The All Progressive Congress (APC) has said Nigerians should blame themselves for the fuel subsidy removed by President Bola Tinubu.

The National Publicity Secretary of APC, Felix Morka, said what President Tinubu did was to implement what the law stipulated.

He argued that the Petroleum Industry Act (PIA) passed into law by the National Assembly canceled payment of subsidy.

He explained that Nigerians failed to speak to their representatives in the National Assembly against passing the PIA.

Speaking with Arise TV, on Wednesday, Morka stated that what President Tinubu did was to permit the law.

What has happened is not a function of politics or a proclamation by the president. It is a function of law the Petroleum Industry Act (PIA) eliminated the system of subsidy as we knew it under the former administration of President Muhammadu Buhari. Now as of the signing into law of the PIB, petroleum subsidy was gone. Meaning that Nigeria, this new government succeeded President Buhari could not pay subsidies because the law didn’t permit it.
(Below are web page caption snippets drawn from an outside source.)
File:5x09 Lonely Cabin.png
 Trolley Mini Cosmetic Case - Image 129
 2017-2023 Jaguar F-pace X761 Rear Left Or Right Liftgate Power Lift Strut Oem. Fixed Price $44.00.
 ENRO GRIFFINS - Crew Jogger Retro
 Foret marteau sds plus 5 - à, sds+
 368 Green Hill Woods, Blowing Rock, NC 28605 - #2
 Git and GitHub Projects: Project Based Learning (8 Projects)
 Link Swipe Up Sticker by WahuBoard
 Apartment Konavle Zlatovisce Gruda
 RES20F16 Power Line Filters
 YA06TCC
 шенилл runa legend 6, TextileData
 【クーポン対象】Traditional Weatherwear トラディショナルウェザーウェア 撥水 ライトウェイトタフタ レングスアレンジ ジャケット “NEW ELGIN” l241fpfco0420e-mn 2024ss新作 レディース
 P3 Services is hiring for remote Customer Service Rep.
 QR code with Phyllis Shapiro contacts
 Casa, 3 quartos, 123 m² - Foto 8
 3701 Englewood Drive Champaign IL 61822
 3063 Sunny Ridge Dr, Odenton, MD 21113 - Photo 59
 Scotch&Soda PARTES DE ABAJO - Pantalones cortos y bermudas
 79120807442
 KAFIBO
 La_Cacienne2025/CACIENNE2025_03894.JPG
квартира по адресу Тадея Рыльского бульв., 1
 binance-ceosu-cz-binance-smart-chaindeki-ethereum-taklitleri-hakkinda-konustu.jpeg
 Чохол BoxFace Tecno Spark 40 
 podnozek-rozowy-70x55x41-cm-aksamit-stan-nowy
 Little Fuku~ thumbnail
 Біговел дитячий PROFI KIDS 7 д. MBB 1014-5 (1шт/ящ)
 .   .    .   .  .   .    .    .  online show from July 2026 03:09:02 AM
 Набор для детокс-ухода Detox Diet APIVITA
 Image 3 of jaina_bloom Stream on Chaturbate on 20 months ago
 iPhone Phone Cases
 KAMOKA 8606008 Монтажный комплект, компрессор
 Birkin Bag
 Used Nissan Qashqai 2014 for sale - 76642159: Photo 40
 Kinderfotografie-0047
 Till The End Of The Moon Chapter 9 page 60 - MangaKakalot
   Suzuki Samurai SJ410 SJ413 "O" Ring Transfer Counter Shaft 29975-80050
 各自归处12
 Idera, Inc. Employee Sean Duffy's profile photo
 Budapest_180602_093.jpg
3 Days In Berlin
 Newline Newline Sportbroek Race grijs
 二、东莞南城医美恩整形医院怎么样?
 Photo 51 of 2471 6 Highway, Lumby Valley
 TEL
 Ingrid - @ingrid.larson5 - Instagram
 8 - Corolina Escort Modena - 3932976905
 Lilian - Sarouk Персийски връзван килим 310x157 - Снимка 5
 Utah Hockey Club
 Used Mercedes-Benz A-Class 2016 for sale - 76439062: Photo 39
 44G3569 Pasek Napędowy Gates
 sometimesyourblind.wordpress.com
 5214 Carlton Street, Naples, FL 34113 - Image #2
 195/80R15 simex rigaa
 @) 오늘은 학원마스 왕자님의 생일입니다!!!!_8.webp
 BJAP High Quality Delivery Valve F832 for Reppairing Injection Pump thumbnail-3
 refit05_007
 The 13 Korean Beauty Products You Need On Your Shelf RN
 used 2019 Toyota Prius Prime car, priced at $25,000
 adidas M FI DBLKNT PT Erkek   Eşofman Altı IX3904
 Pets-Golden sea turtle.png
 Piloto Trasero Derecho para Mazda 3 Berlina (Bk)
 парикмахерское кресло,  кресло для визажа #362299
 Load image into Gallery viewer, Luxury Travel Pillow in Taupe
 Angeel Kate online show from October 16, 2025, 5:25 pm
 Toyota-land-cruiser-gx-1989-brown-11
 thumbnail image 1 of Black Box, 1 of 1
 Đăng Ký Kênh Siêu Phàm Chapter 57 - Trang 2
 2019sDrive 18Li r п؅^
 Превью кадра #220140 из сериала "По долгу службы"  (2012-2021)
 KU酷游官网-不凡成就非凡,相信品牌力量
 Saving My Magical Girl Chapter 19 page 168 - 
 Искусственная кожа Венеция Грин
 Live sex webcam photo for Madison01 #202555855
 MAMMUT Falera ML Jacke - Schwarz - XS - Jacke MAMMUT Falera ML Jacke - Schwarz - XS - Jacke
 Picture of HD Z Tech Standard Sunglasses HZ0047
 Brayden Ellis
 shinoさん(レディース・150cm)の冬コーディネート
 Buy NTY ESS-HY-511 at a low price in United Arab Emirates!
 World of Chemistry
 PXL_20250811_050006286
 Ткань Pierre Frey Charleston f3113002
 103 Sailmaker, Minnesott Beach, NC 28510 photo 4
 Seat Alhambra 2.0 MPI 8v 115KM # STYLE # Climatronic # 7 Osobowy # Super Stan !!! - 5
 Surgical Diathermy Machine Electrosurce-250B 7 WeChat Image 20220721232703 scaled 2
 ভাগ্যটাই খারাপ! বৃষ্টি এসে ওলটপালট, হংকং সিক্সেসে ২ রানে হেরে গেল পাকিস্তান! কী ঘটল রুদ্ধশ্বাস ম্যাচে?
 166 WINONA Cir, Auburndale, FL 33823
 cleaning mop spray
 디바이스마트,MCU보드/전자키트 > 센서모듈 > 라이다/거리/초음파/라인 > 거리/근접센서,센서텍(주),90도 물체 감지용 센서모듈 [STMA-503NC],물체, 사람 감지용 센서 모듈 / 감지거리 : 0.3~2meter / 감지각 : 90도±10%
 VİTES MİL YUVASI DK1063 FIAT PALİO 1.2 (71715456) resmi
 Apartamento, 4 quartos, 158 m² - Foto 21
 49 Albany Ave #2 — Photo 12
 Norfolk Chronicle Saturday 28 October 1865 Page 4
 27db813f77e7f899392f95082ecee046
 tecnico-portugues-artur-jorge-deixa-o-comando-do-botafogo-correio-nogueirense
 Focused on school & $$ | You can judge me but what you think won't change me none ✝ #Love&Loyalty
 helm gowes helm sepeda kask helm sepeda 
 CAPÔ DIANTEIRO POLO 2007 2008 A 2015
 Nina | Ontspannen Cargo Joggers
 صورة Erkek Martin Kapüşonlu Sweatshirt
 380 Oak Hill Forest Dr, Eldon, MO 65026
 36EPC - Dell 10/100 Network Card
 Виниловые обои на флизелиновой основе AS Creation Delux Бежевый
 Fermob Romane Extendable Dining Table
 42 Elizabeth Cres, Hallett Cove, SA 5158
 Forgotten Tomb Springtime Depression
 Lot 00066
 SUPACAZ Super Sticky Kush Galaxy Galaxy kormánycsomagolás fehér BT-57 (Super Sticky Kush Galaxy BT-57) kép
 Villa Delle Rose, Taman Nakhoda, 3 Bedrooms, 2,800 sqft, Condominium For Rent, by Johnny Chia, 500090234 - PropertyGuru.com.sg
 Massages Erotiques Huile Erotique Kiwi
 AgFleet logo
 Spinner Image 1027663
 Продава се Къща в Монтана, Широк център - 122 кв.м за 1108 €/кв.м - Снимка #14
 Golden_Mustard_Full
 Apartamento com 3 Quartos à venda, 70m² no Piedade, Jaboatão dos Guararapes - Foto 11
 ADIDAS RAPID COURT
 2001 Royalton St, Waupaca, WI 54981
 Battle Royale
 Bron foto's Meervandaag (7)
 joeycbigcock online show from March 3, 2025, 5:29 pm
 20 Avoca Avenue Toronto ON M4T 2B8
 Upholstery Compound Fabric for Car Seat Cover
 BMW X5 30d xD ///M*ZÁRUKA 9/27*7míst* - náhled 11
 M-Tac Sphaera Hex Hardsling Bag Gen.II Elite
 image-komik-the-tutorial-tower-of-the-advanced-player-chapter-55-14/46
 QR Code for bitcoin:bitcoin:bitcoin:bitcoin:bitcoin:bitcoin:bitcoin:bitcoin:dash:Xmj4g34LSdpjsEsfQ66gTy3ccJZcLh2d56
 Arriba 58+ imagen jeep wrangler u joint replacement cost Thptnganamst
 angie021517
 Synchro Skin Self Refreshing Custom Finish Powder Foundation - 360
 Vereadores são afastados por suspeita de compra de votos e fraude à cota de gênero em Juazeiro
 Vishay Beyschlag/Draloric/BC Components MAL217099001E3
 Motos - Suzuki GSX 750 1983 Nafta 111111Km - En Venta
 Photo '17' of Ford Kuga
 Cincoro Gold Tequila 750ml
“So what President Bola Tinubu did on the day of his inauguration was simply communicate what the law had declared.

“And I think this point is critical to make that we should be mindful that what the President did on the first day of his inauguration was to declare the state of the law.”

Morka explained that subsidy was also unsustainable. He noted that the problem was that Nigerians have become dependent on fuel subsidy against international practice, but refused to call their National Assembly representatives to order.

The APC spokesman noted that NNPC did not completely remove fuel subsidy to avoid a complete shutting down of the economy.

He didn’t do anything of his own free will. It had been legislated by the National Assembly and signed into law by the previous president. Anyone who read the national budget. including some of the supplementaries there’s no provision for subsidies at all.

 “NNPC, being now a quasi public-private entity continued in some way shape or form to some degree to manage that recognizing that a wholesale complete total removal of subsidy would in fact further exacerbate existing economic conditions for the time being.

“The point I’m making is that that subsidy regime had become completely unsustainable. You cannot have a country where all of the earnings, the gross earnings of a country, was expended subsidizing one single product for the people.

“I understand that historically we’ve created the dependency on subsidy, so our people are used to buying fuel at almost nothing compared to what others are buying elsewher.

“However, now that it’s become obvious that we cannot sustain that system. That system had to go and it was removed by law. Nigerians have representatives in that National Assembly. They could have told their representatives object to the removal of subsidy when that discussion was taking place. There were public hearings done,” Morka explained further.